As the author explains, now is the time to read her novel and engage in vital debate.
“It is an ideal time to look at what life was like for blacks and whites in the 1960s, to see how far we have come, and to consider how far we still have to go. This is an important book for all Americans, both white and black,” says Turner.
Continuing, “I have seen across the entire country that while people of different races are integrated, they still miss being connected on a deeper level. In order to make that connection a certain measure of reconciliation must occur.”
Since its release, the book has garnered a consistent string of rave reviews and celebrated endorsements.
“This is a compelling narrative of a crucial period in our Nation's History. Let us never forget those brave young people who changed the country and the world, “says Alma (Mrs. Colin) Powell, whose father, R.C. Johnson, was principal of Birmingham’s Parker High School during the Civil Rights Movement.
Former Mississippi Governor, William Winter, was equally as impressed. He adds, “In writing this moving and meaningful volume Rosalie Turner has made a significant contribution to the cause of racial reconciliation in our country. With an understanding that has come from her own personal experiences and relationships and her deeply felt commitment to racial justice and healing, she is especially equipped to write this book. It will give everyone who reads it a more enlightened perspective on race relations in America.”
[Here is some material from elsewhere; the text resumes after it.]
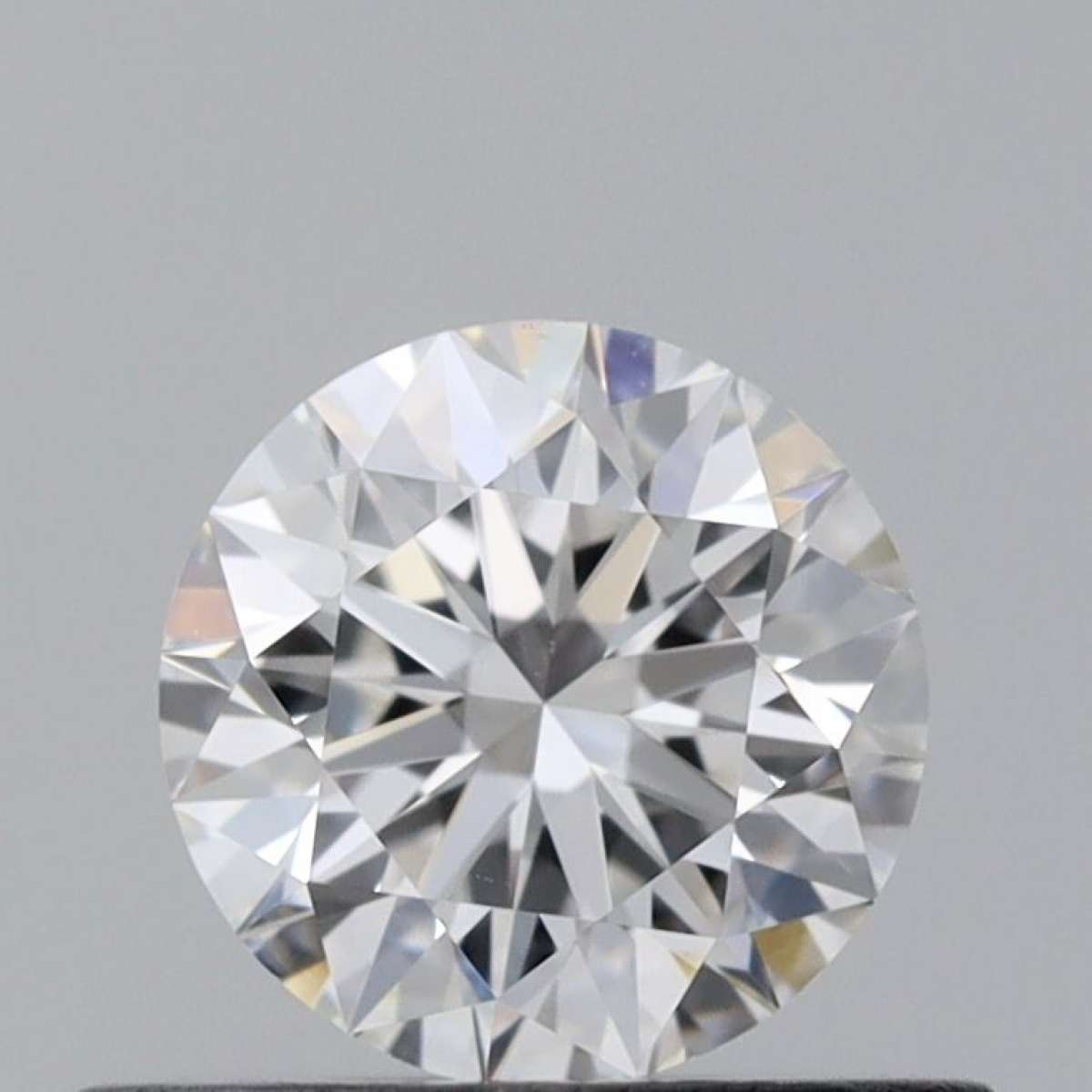 Certified Diamond GIA Carats 0.45 Color E Clarity VS2 EX EX EX Fluorescence NON Brown No Green No Milky No EyeClean 100% Certified Diamond GIA Carats 0.45 Color E Clarity VS2 EX EX EX Fluorescence NON Brown No Green No Milky No EyeClean 100%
Providing a poignant reminder of the past and empowering Americans to take positive action for the future, Turner’s novel is a powerful read for readers young and old, white and black.
‘March With Me’, published by Cypress Creek Publishing, is available now: http://amzn.to/18oXYvv
For more information, visit the author’s official website: http://www.rosalieturner.com/
About Rosalie T. Turner
Award-winning author, Rosalie T. Turner, has been writing for over 30 years. She currently divides her time between Angel Fire, New Mexico and Birmingham, Alabama. Her book, Sisters of Valor, recently received the Military Writers Society of America Bronze Award for Fiction.
Rosalie is a graduate of Mary Washington College, which at that time was the women's college of UVA. She has worked as a juvenile probation officer and as a Director of Christian Education. Rosalie was fortunate to be a stay-at-home mom but worked through volunteer activities, including Headstart Program, Habitat for Humanity, a jail ministry, teaching adult literacy and English as a Second Language, and tutoring in the inner city.
While in Jacksonville, FL, she received the JC Penney Award for establishing a summer reading program in the inner city. Rosalie has always been very active in their church wherever they lived; they've moved seventeen times due to her husband's career.
She is married to Frank Turner, and they are celebrating their 50th anniversary. The Turners have two sons, Kile who with his wife Sara (both attorneys) have six children, and Joel, a former Marine, now a policeman, who lives in North Carolina. They lost a third son to leukemia when he was ten years old.